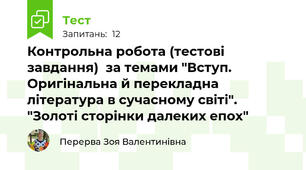 Контрольна робота (тестові завдання)  за темами "Вступ. Оригінальна й перекладна література в сучасному світі".  "Золоті сторінки далеких епох"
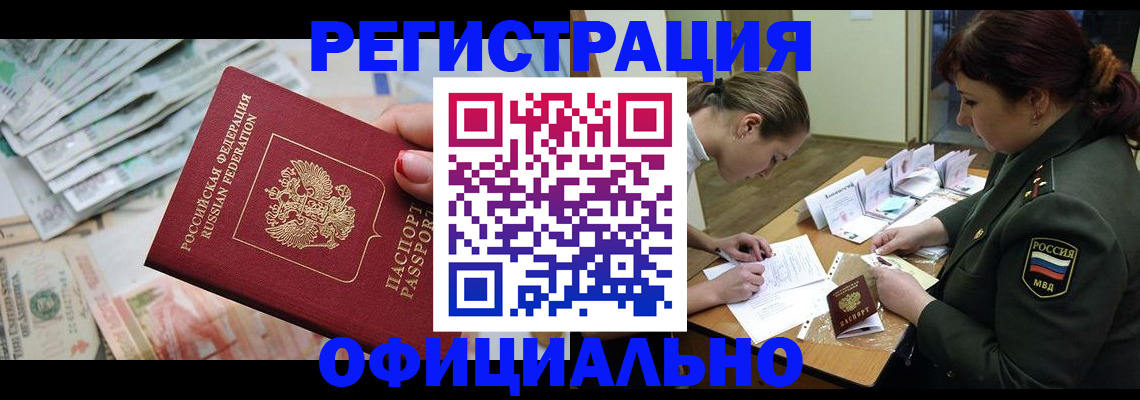прописка регистрация в Гвардейске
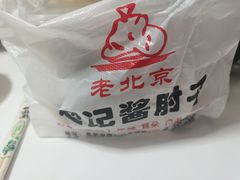 -老北京赵记酱肘子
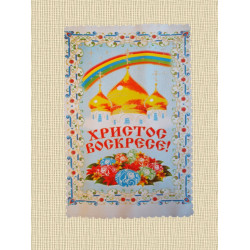 Рушник великодній №74 36х60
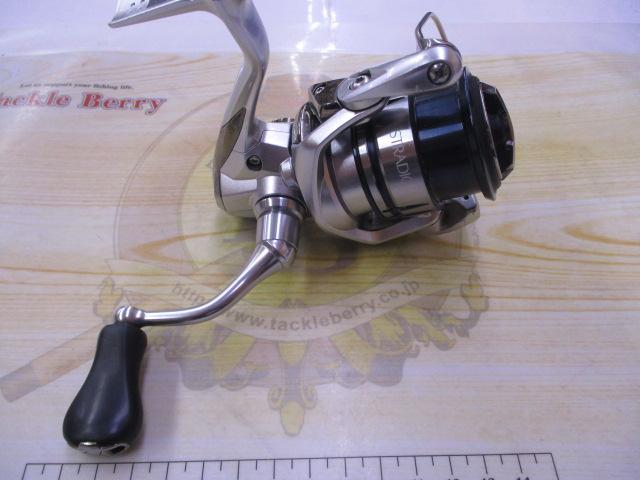 19ストラディック C2000SHG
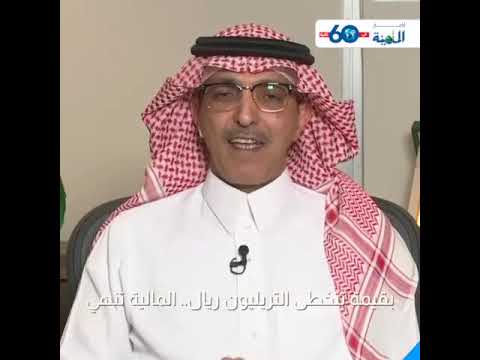 موجز الاخبار اليومي 31/1/2021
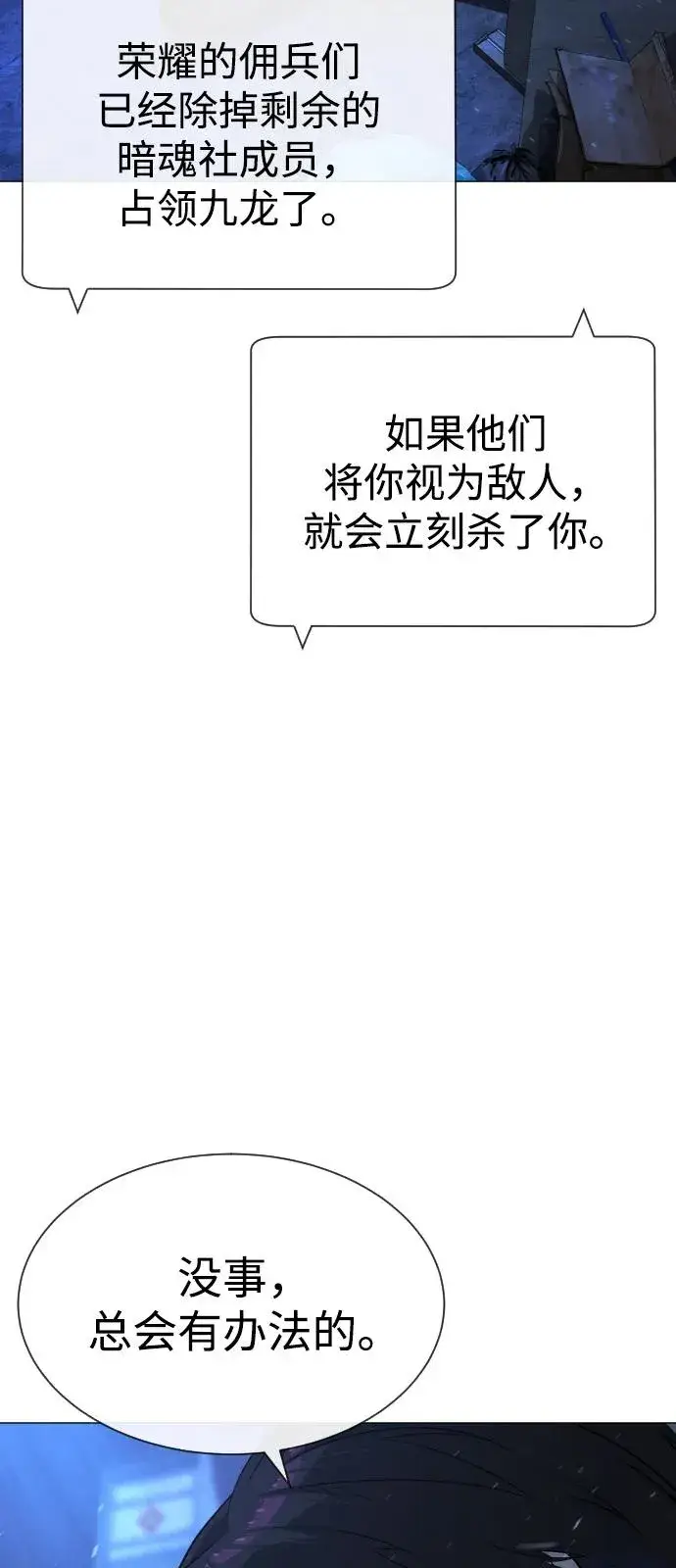 漫画《杀手巴德罗》[第72话] 急救处理第22张图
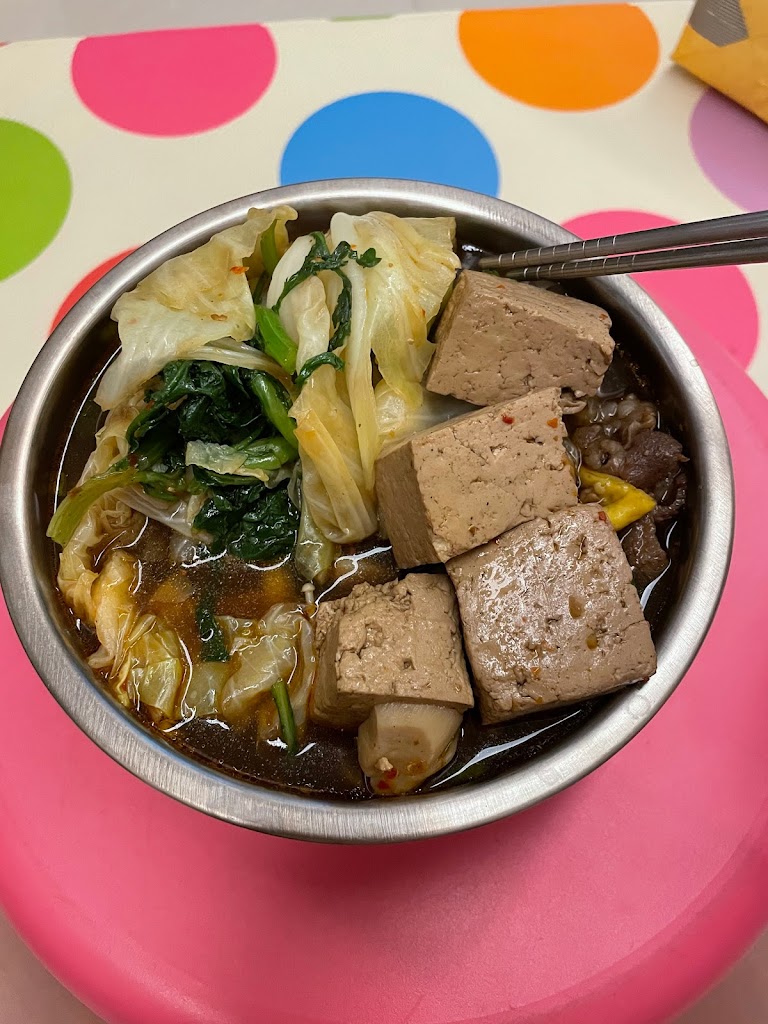 川醉湘麻辣燙-中埔後庄店 的照片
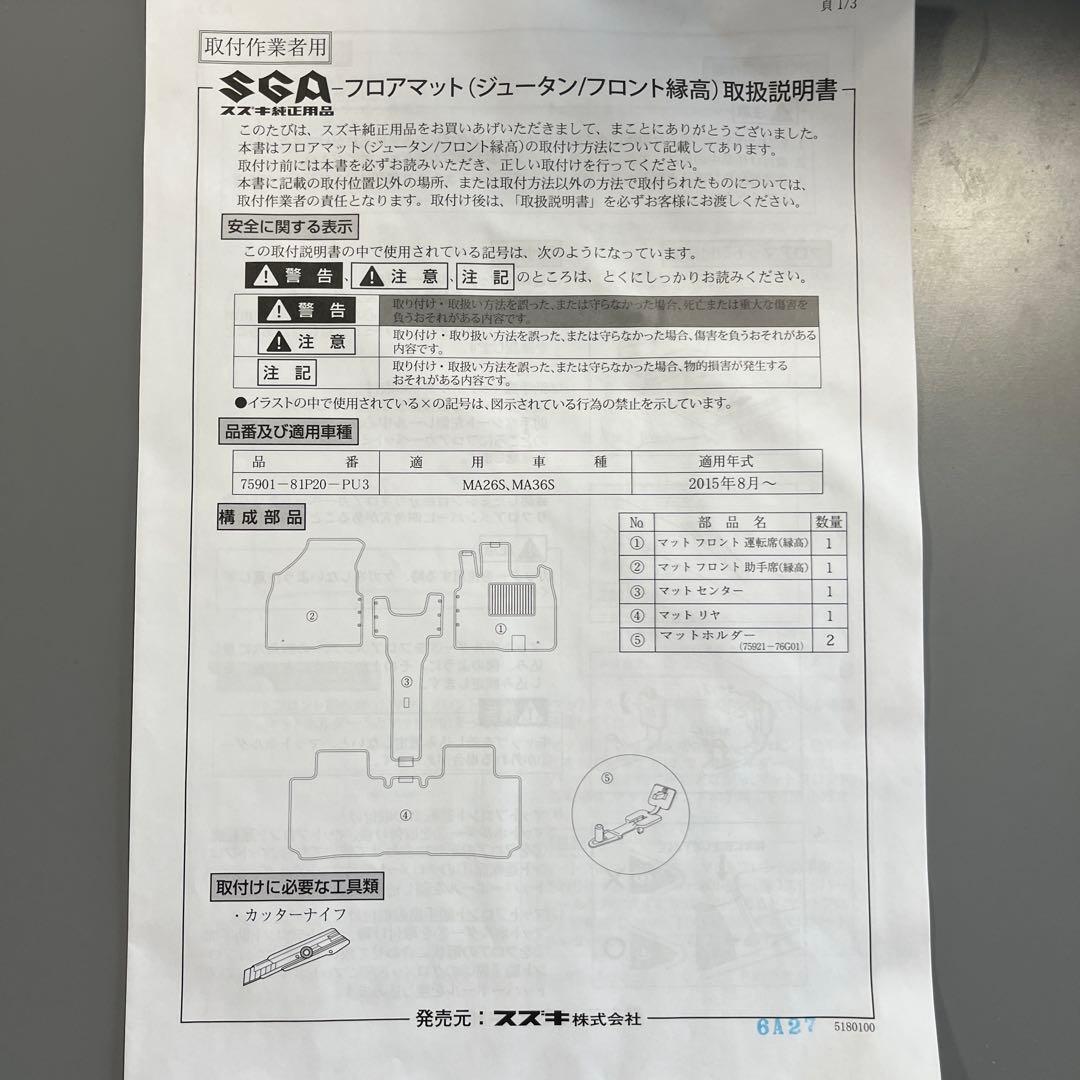 ☆スズキ ソリオ 純正ＭＡ２６Ｓ ＭＡ３６Ｓ ２０１５年８月〜フロアマット☆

________

• **Action item**
Output the line containing "川醉湘麻辣燙-中埔後庄店 的照片" along with every line after it to the end of the material, exactly as written, but without pictures.

• **Completed task**
 川醉湘麻辣燙-中埔後庄店 的照片
 ☆スズキ ソリオ 純正ＭＡ２６Ｓ ＭＡ３６Ｓ ２０１５年８月〜フロアマット☆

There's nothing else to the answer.